Except for images, print the whole listing verbatim.

**Data excerpt:**
+ + + + + + +

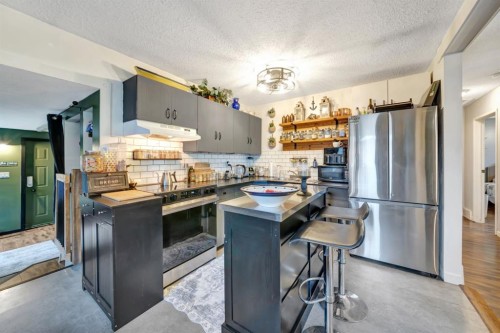 4910 58 Avenue, Lloydminster, AB 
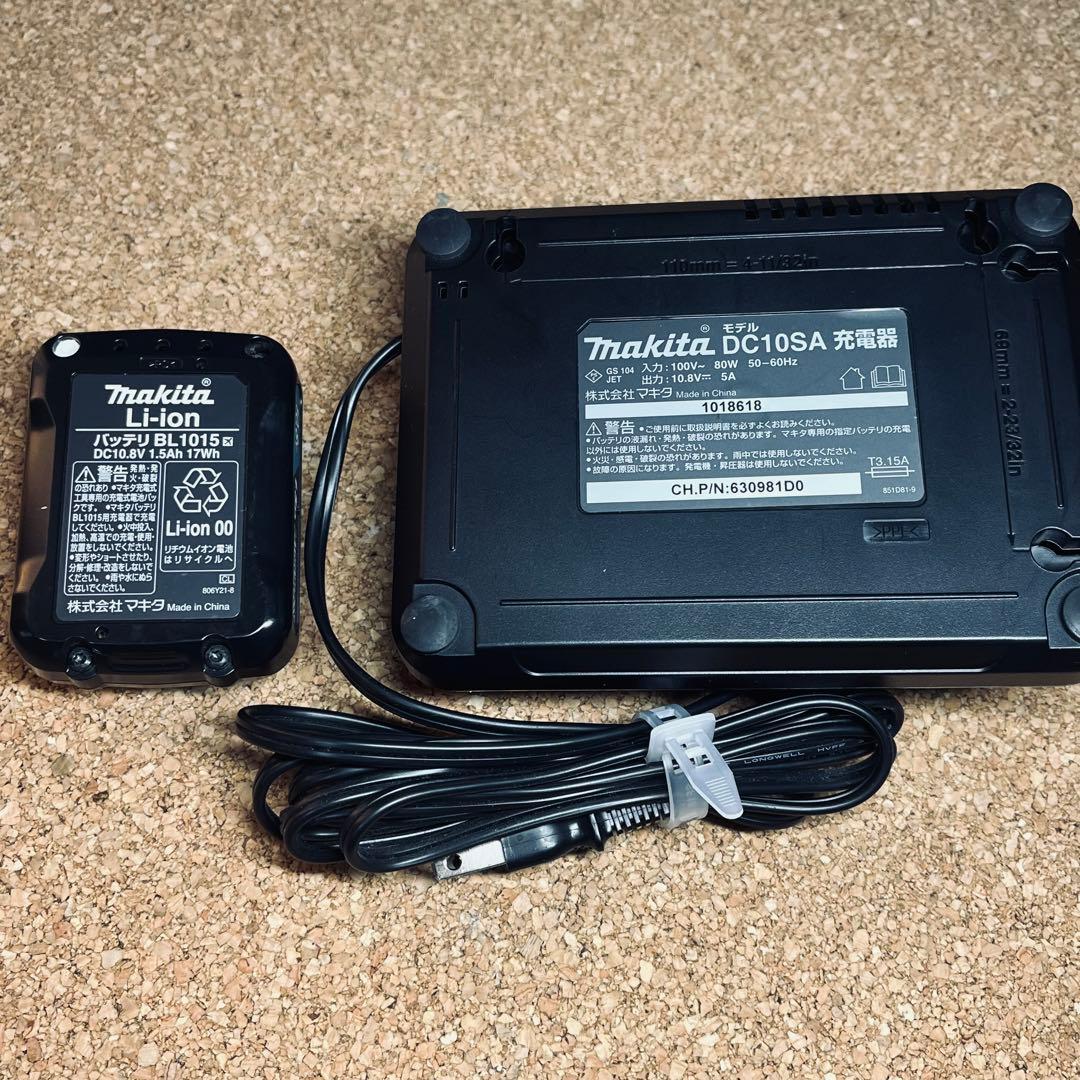 Makita充電式クリーナーCL107FDSHW充電器.バッテリー付属紙パック式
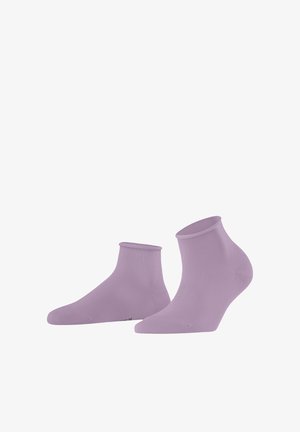 Paar hellviolette Knöchelsocken nebeneinander, die glatte Stoffstruktur und elastische Bündchen auf weißem Hintergrund zeigen.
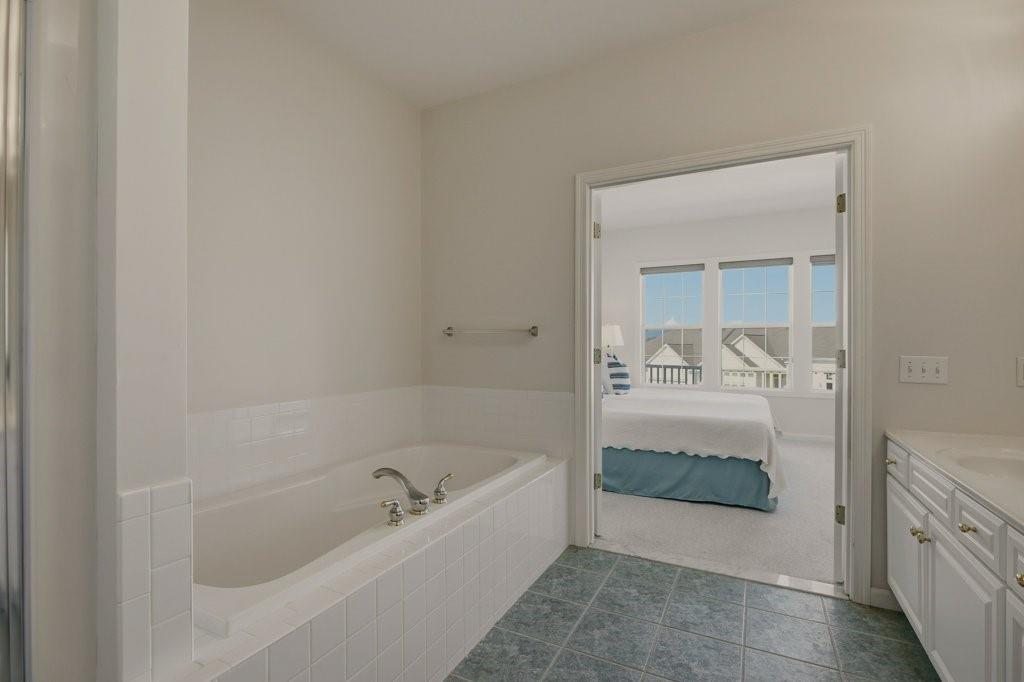 264 Rolling Hill Road Unit 264 Property Photo 23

+ + + + + + +

**Result of the task:**
 4910 58 Avenue, Lloydminster, AB 
 Makita充電式クリーナーCL107FDSHW充電器.バッテリー付属紙パック式
 Paar hellviolette Knöchelsocken nebeneinander, die glatte Stoffstruktur und elastische Bündchen auf weißem Hintergrund zeigen.
 264 Rolling Hill Road Unit 264 Property Photo 23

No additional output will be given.